=== PROBLEM ===
Among the entries below, retype exactly the lines starting with the one with "Pivot tables are" and going on through the one with "I've drawn the", but not the pictures.

=== SUPPLIED MATERIAL ===
--------------------

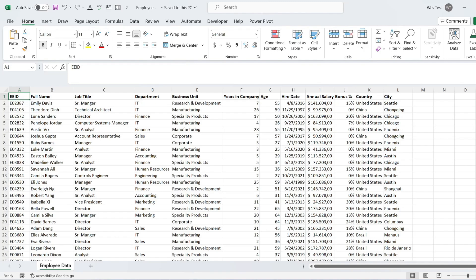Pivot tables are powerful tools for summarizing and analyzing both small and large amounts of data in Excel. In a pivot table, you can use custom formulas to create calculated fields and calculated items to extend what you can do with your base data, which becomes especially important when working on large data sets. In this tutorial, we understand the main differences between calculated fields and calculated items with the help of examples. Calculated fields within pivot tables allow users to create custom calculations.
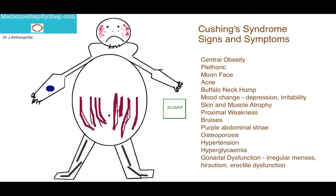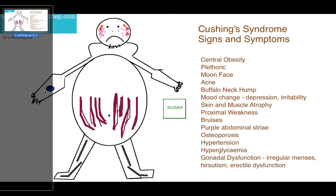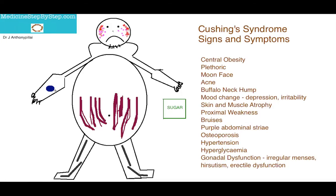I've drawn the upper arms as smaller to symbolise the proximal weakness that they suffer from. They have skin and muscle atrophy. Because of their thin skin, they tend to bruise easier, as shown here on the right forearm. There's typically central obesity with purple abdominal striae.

--------------------

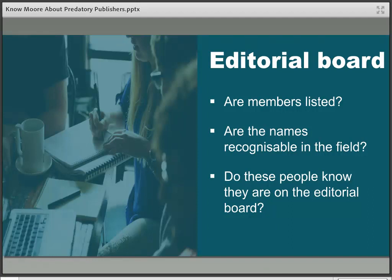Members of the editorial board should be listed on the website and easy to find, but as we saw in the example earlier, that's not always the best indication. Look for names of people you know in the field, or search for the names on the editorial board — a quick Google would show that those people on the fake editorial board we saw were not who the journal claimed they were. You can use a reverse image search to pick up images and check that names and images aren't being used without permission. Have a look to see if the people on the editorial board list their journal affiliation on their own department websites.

--------------------

=== RESPONSE FOR THIS EXERCISE ===
Pivot tables are powerful tools for summarizing and analyzing both small and large amounts of data in Excel. In a pivot table, you can use custom formulas to create calculated fields and calculated items to extend what you can do with your base data, which becomes especially important when working on large data sets. In this tutorial, we understand the main differences between calculated fields and calculated items with the help of examples. Calculated fields within pivot tables allow users to create custom calculations.
I've drawn the upper arms as smaller to symbolise the proximal weakness that they suffer from. They have skin and muscle atrophy. Because of their thin skin, they tend to bruise easier, as shown here on the right forearm. There's typically central obesity with purple abdominal striae.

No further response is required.